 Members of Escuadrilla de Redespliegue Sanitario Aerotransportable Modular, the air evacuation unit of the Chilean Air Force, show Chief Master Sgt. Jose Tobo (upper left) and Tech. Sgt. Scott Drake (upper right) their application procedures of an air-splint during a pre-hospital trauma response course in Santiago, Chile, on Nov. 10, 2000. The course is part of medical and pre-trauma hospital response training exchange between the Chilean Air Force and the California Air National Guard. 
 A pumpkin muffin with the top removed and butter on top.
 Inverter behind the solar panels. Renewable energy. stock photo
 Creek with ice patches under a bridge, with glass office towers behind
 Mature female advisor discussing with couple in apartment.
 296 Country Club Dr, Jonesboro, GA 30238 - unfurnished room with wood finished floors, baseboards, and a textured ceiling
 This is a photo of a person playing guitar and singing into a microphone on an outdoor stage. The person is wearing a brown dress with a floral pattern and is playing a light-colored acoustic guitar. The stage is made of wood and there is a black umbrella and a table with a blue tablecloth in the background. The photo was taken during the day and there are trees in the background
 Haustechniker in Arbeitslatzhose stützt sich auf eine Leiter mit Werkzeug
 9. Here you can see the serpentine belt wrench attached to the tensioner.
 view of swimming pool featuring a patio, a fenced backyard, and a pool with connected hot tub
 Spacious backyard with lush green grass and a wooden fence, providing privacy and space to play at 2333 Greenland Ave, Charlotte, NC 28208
########
→ How to complete this task
If a line above contains the word "backyard", list it.

→ Reply
 view of swimming pool featuring a patio, a fenced backyard, and a pool with connected hot tub
 Spacious backyard with lush green grass and a wooden fence, providing privacy and space to play at 2333 Greenland Ave, Charlotte, NC 28208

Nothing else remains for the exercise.